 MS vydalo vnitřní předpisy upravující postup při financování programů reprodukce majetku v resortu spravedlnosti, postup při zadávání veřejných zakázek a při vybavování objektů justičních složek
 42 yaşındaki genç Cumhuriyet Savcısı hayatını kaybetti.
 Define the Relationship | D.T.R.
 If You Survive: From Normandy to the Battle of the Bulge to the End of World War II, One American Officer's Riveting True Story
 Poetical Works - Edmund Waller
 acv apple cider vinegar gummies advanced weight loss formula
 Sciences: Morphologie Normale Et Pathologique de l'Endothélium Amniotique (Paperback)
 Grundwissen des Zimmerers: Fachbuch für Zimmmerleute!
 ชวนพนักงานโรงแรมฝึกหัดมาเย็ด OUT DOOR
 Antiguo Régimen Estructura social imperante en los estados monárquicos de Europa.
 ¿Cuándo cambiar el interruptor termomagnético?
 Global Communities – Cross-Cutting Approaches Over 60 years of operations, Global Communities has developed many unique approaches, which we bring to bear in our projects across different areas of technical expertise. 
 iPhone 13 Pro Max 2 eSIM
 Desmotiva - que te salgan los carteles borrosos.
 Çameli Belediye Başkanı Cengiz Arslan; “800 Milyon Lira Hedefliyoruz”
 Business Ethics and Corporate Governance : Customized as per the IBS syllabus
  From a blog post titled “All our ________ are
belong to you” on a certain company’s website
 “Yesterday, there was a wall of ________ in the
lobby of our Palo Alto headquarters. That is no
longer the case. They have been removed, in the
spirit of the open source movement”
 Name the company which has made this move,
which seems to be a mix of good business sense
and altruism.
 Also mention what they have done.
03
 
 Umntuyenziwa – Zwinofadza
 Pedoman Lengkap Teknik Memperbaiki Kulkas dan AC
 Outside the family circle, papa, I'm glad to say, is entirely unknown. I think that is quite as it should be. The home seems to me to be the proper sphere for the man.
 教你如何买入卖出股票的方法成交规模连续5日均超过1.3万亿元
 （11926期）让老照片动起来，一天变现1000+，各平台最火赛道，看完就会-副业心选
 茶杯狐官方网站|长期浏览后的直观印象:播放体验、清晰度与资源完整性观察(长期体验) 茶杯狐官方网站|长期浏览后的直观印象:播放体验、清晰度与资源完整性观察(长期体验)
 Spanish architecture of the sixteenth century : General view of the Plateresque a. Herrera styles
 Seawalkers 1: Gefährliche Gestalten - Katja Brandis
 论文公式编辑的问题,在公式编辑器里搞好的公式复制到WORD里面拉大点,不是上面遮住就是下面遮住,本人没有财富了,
-------
All lines with the word "have" need to be copied from the data above.

• _Exercise result_
longer the case. They have been removed, in the
 Also mention what they have done.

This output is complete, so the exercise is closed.